If frost still threatens after you plant your Peppers, or if you live in a short-season climate where late frosts are just part of spring, there are ways to keep your Peppers going. One way is to place a tarp over the plants, weighting it down at the edges to keep it from blowing away. Be careful, however, not to lay the tarp or plastic directly on the plants. You will need to use blocks, sticks, or whatever you have available to form a tent over your tender young Peppers. You can uncover it during the day and re-cover it at night, or leave it in place for several days and nights without damage to the plants.

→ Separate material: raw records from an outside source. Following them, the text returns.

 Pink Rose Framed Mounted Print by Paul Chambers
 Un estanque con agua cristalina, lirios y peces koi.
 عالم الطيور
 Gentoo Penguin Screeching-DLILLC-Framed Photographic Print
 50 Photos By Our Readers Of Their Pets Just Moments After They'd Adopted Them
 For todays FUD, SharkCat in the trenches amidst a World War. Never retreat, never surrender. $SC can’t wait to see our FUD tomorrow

Once your seedlings are in the ground, be sure they get sufficient water - Pepper plants are quite thirsty in early growth. Also, make sure the soil is well drained to help prevent root rot. Peppers do not like "soggy feet". The soil's pH level should ideally be around 6.5 to begin with, then increased or decreased afterwards to determine the chosen flavor (more acidic soil will produce a sharper, hotter taste).

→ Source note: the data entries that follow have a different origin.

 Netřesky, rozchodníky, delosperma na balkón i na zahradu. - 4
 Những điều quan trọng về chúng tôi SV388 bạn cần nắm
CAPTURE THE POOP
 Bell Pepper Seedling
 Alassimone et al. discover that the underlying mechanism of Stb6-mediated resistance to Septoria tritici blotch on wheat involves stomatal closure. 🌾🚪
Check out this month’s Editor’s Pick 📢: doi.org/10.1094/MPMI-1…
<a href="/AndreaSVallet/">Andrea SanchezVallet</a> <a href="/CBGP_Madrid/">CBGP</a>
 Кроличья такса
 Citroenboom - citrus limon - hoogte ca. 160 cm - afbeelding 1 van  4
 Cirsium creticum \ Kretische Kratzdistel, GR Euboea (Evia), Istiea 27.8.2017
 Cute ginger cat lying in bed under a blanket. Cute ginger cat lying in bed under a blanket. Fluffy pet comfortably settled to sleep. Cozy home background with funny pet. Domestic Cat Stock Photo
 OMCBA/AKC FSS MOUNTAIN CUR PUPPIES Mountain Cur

Onions and peas are good companion plants for your Peppers. Onions repel pests like aphids, while peas fix nitrogen, and similar to Peppers, like slightly cool conditions and close quarters. Although appreciative of warm temperatures during the day, both peas and Peppers set fruit better if they can get some relief from the heat during the evenings.
If necessary, stake plants when they are loaded with fruit.
Pick your Peppers as soon as they're big enough to eat, or you can leave them on the plants to change color and flavor gradually. Otherwise, no pruning is necessary.
Be careful not to over-fertilize - too much nitrogen will result in a great-looking bushy, green plant, but very little fruit.
Pests & Problems
The most common pests you'll find on your Peppers are spider mites and aphids, with an occasional borer. You can get rid of them with the use of an organic insecticide or dust. Onions will also help repel aphids.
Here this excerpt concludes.